Jun 7, 2019

Based on actual statistics from World War II, this week's Riddler asks us to estimate the number of German tanks given uncertain information about the tanks we've observed. Fortunately, despite the uncertainty in our observations, we can still provide reasonably accurate estimates for the total German tank population. We'll rely heavily on Bayesian analysis to solve this problem. Let's continue with the full problem.

Mathematician Dr. Lana Gurtin has a problem to solve. She was hired by British intelligence for a top-secret assignment, but things have not gone according to plan. The year is 1942 and the Germans are rolling out a new and powerful tank, the Uberpanzer. Prominently displayed on the back of each Uberpanzer is its serial number, which is simply the number of tanks that had been built when it rolled off the line. So the first tank built has the serial number 1, the second one built has a 2, and so on.Recently, a number of these new tanks were spotted by British scouts who recorded the serial numbers that they saw. They immediately sent this information to British intelligence, hoping that the serial number data could be used to estimate the total number of Uberpanzers the Germans have built. This is when Dr. Gurtin was brought on to head the project.

But then the unexpected happened. A German spy intercepted the dossier with the data before it could reach MI6. By the time British agents caught up with the spy, most of the data had been destroyed. However, two pieces of information were recovered from the debris. One: The lowest serial number recorded was 22. Two: The highest serial number recorded was 114.

Luckily, Dr. Gurtin knows exactly what to do. Assuming that the original data set was a random sample of serial numbers, what is Dr. Gurtin’s best estimate of the total number of Uberpanzers the Germans have built?

Because of this problem's fame, it is commonly referred to as the German Tank Problem. It also shares elements with capture-recapture problems. In both problems, we attempt to estimate a total population size, given some knowledge about samples from the population.

Problems like these are perfect for Bayesian techniques, because these techniques allow us to express uncertainty and confidence levels around the variable we are trying to measure. Specifically, a Bayesian analysis lets us calculate the probability distribution of population size. Before we solve this week's Riddler, let's review the Bayesian solution to the classic German Tank Problem.

Suppose we have observed the following six serial numbers from a population of tanks of unknown size: 14, 36, 108, 65, 18, 97. Immediately we conclude the total population size must be at least as high as the largest number we've seen: 108. We've seen six numbers all with reasonably low values, so we might suspect the total population size is small, but we can't explicitly rule out the possibility that the total population is some larger number, like 500. However, we can determine the *likelihood* that the population size is 500, along with any other value we want to test.

In other words, we want to develop a formula for the probability that the total population is equal to some number, $N$, given the information we have about the serial numbers we've observed.
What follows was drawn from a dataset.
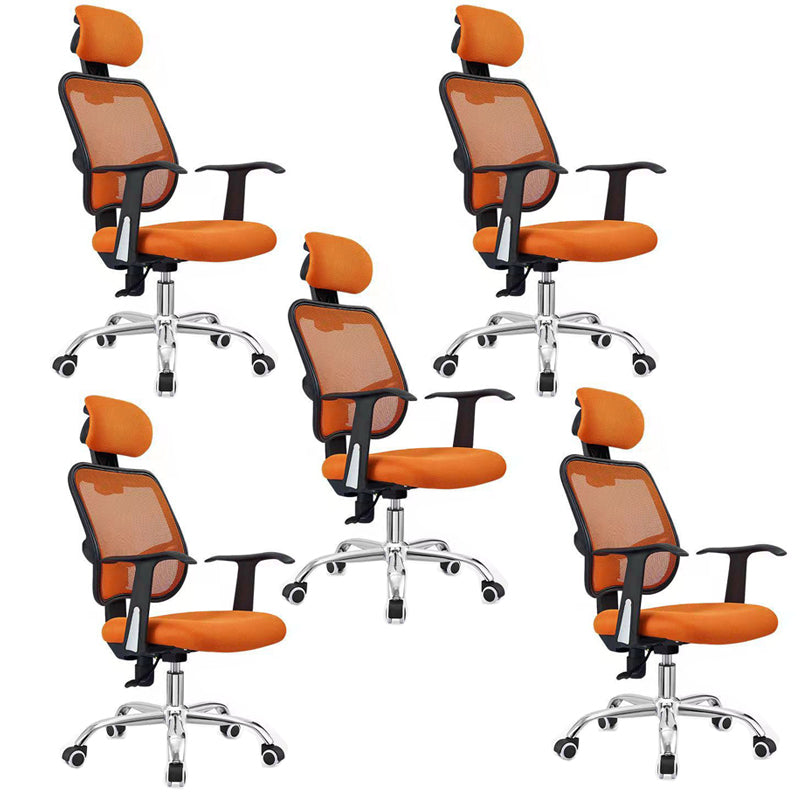 Modern Desk Chair with Mid Back and Headrest Home Office Chair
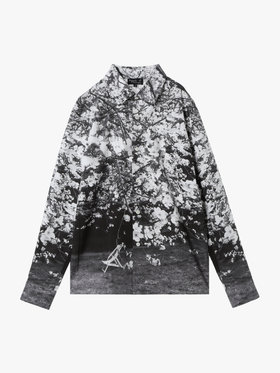 HOMME メンズ 【by R 限定品】agnes b. フォトプリント コットン 長袖 シャツ "Thomas" マルチ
Interestingly, we don't care about most of the *actual* serial numbers we've observed, but rather the *number* of serial numbers we've observed. We'll call the total number of tanks we've seen $K$. The only actual serial number we care about is the maximum value, which we'll call $M$. Given these inputs, we have the following formula.

$P(N=n|K=k, M=m) = \frac{k-1}{k}\frac{{m-1}\choose{k-1}}{{n}\choose{k}}$

Plugging in our values, we have $m=108$ and $k=6$. Suppose we want to know the probability that total population is $n=108$. We solve $P(N=108|K=6, M=108) = \frac{6-1}{6}\frac{{108-1}\choose{6-1}}{{108}\choose{6}} = 4.6\%$. We could also test $n=500$, where we calculate $~0.0004\%$. Very small, but still possible. The key takeaway is that we can't solve the problem with certainty, but we can develop an understanding of the ranges of values we might expect.
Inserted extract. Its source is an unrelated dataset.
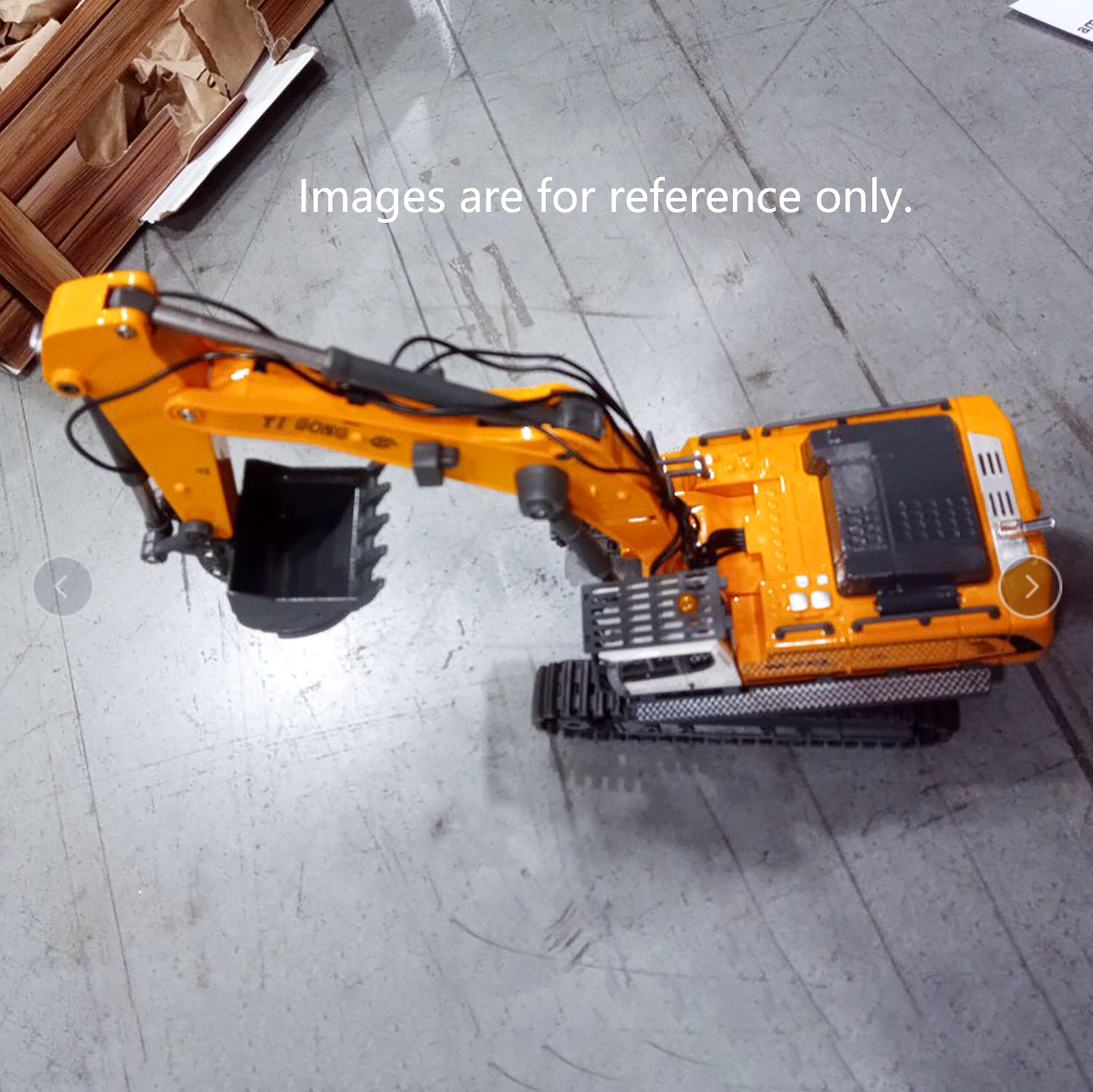 Second Hand US Stock 1/50 RC Excavator K970 Engineering Vehicle Remote Control Electric Lifting Digger Metal Bucket Tracks Light Sound RTR Battery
This week's Riddler has several similarities with the German Tank Problem, except that we can't be certain what our value of $K$ is. We know for a fact that we observed at least 2 serial numbers, 22 and 114. And, critically, we know our value of $M$ should be 114 - the highest value we've seen. But we could have observed many more serial numbers, perhaps as many as 93 in total, if we had somehow seen every single number between 22 and 114. According to the problem text, *the original data set was a random sample of serial numbers*, which I'll interpret to mean our value of $K$ should be uniformly distributed between 2 and 93, meaning each value was equally likely.

Before, we had a one-dimensional problem where we solved for many values of $N$. Now, we have a two-dimensional problem, where we want to solve for many values of $N$ across many values of $K$. Because the values of $K$ are uniformly distributed, we should average our values with respect to $K$ in order to solve for the values of $N$.
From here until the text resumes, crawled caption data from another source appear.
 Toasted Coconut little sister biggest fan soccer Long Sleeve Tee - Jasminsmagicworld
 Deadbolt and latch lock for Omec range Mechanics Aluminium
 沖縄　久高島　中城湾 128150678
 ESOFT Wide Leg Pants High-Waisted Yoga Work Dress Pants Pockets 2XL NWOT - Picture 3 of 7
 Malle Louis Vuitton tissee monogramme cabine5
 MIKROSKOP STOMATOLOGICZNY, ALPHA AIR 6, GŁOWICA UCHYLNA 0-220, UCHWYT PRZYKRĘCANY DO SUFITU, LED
For example, if $K=2$, then the likelihood that $N=114$ is $0.88\%$, because having seen just two serial numbers, we can't conclude much about the true population size. However, if $K=93$, then the likelihood that $N=114$ is $80.7\%$, because we've seen over 90 tanks with no value higher than 114. When we average across all $K$ from 2 to 93, we find the probability that total tank population is 114 is roughly $40.8\%$. Of course, we need to consider all other values of $N$ as well, which we do in the following chart. **We see that the single best estimate for total population size is 114, and while we can't be certain of the exact tank population, we can be 95% sure that the total German tank population is less than 138.**

Therefore, despite the best efforts of the courageous German spy, it seems that probability theory is still enough to give the Allies an advantage.

The code this week is quite simple, leveraging the Bayesian formula for population estimates. The only tricky part is to test across multiple values of $k$ and $n$, then average the results for the correct answer. As always, please let me know if you have any questions or comments!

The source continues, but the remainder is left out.